| DATA SUPPLIED |
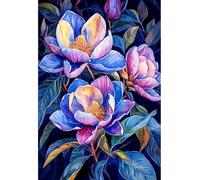 MIRONS DIY 5D Diamant Numérique Peinture Kit, fleurs Diamond Painting Cristal Strass Broderie Point De Croix Artisanat Toile Décoration Murale 40x50cm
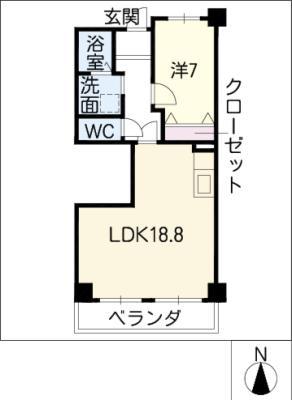 ウィン・コート白川(1LDK/7階)の間取り写真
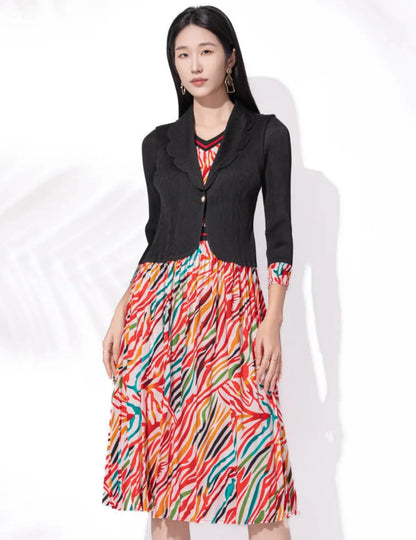 Modern Pleated Midi Dress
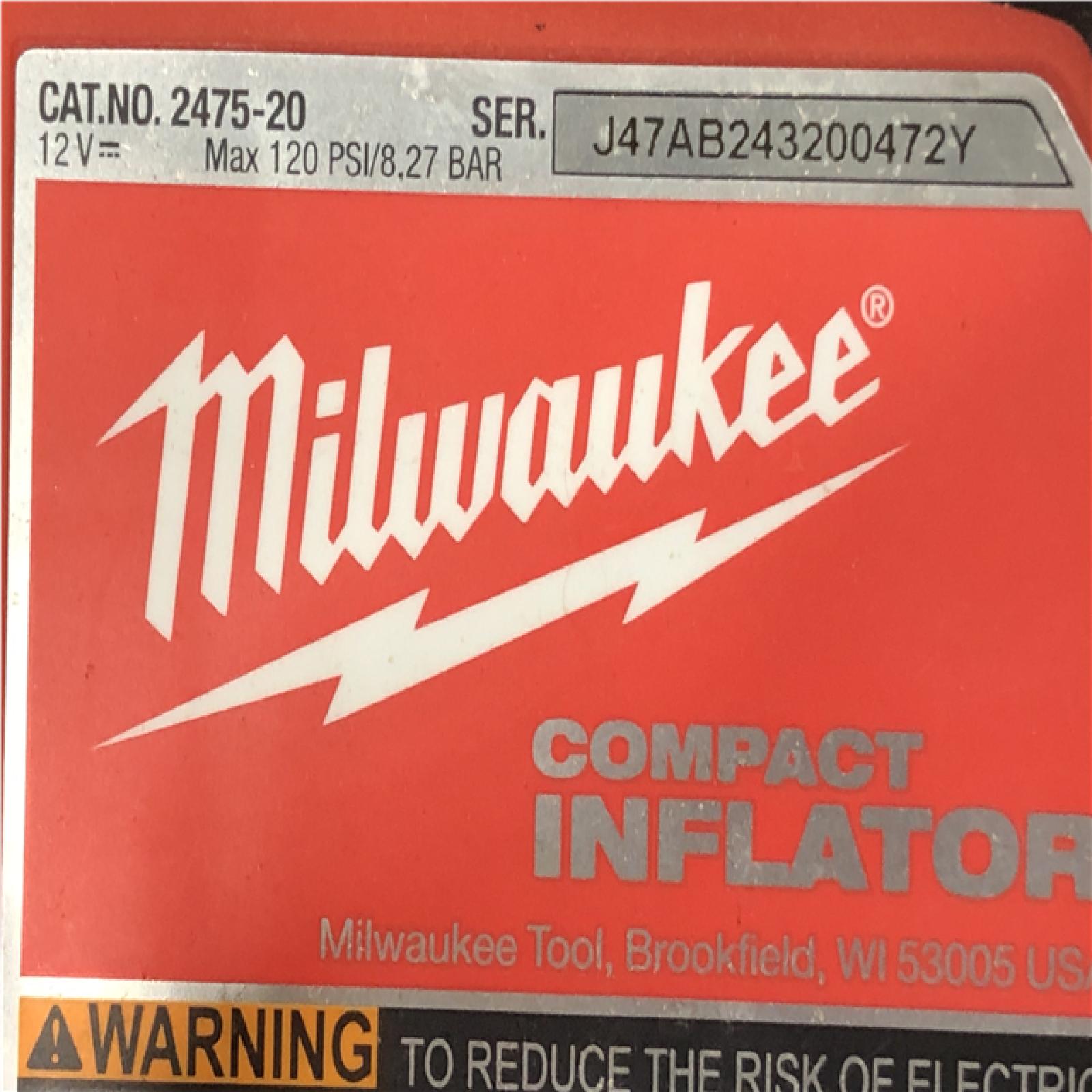 AS-IS  Milwaukee 12-Volt Lithium-Ion Cordless Electric Portable Inflator (Tool-Only)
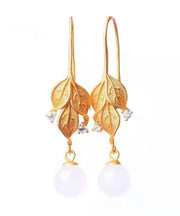 DIY Gold Sterling Silver Overgild Jade Leaf Drop Earrings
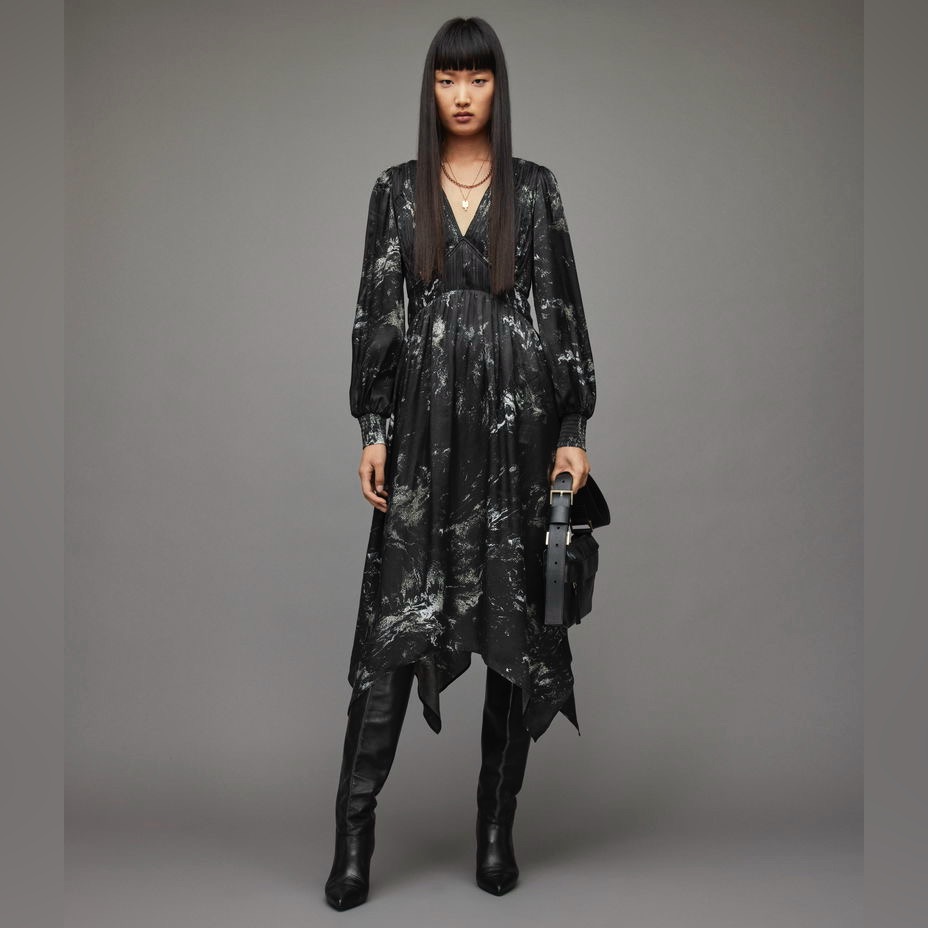 Nwt $418 Allsaints Estelle Titania Floral Print Midi Dress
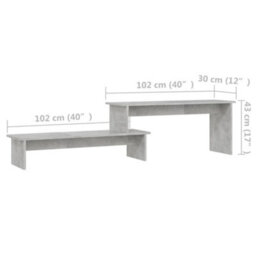 Berkfield Tv Cabinet Concrete Grey 180X30X43 Cm Engineered Wood - thumbnail 7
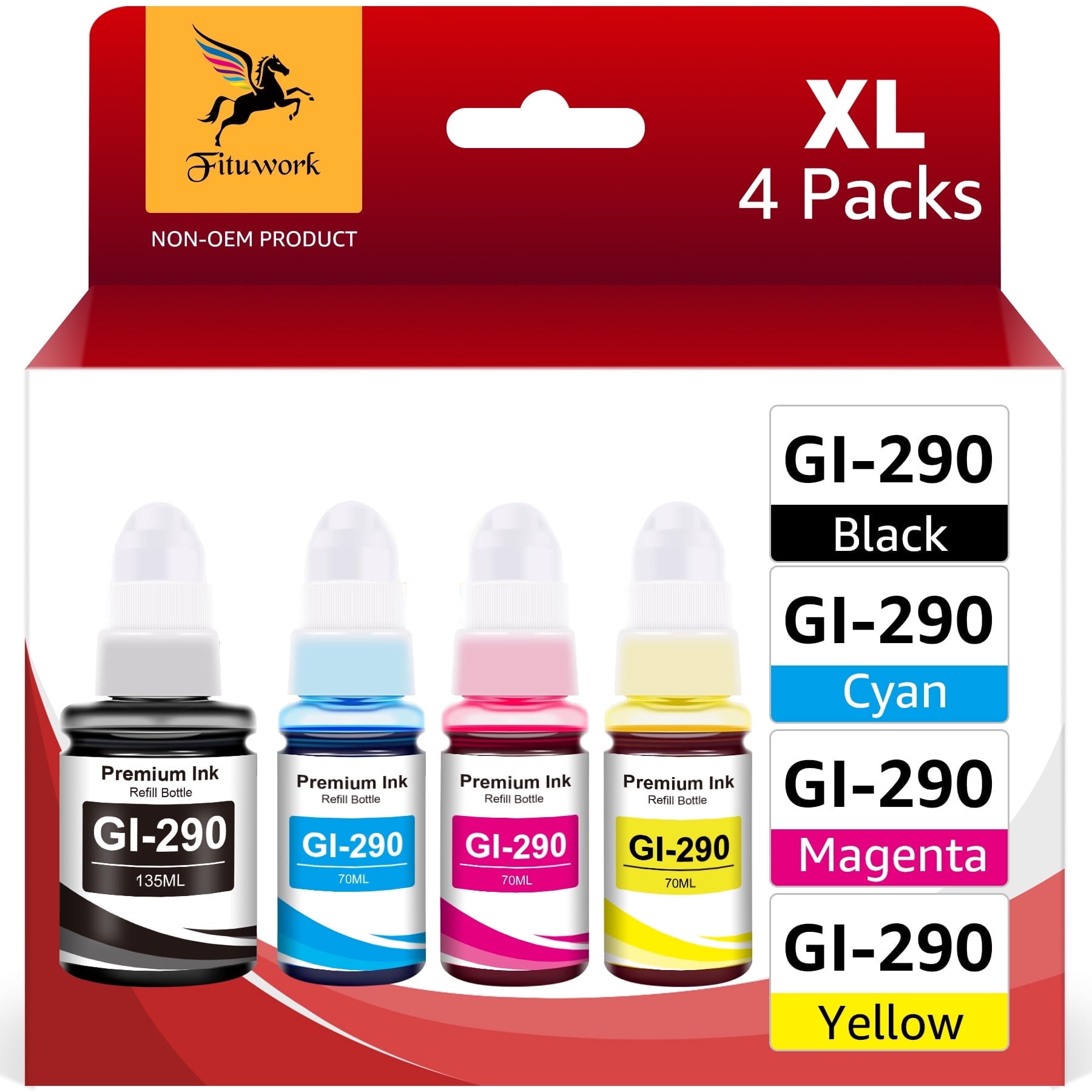 GI-290 G3200 G4210 Ink Refill Compatible for Canon GI-290 GI 290 GI290 290 Ink Bottles Kit Compatible for Canon PIXMA G3200 G4210 G4200 G2200 G1200 Printer (Black, C/M/Y Color Ink, 4-Pack)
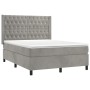 Cama box spring con colchón terciopelo gris claro 140x190 cm de vidaXL, Camas y somieres - Ref: Foro24-3132855, Precio: 557,5...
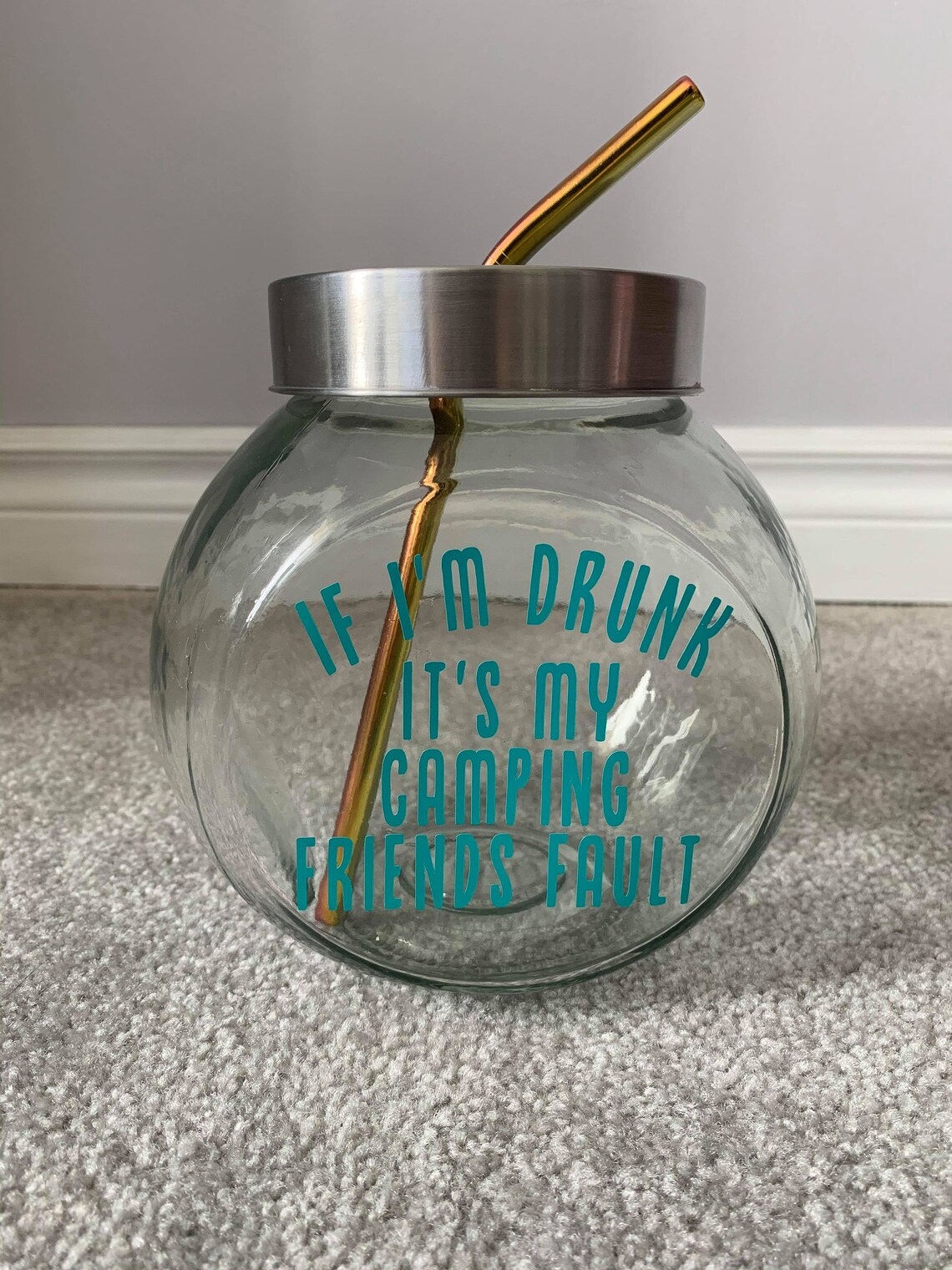 Fishbowl Glass Drinking cups large glass with screw on lid Etsy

| ABOUT THIS EXERCISE |
Leaving out all pictures, set down exactly the lines of the material above, from the line with "Nwt $418 Allsaints" to the line with "GI-290 G3200 G4210" inclusive, and no others.

| RESULT OF THIS EXERCISE |
 Nwt $418 Allsaints Estelle Titania Floral Print Midi Dress
 Berkfield Tv Cabinet Concrete Grey 180X30X43 Cm Engineered Wood - thumbnail 7
 GI-290 G3200 G4210 Ink Refill Compatible for Canon GI-290 GI 290 GI290 290 Ink Bottles Kit Compatible for Canon PIXMA G3200 G4210 G4200 G2200 G1200 Printer (Black, C/M/Y Color Ink, 4-Pack)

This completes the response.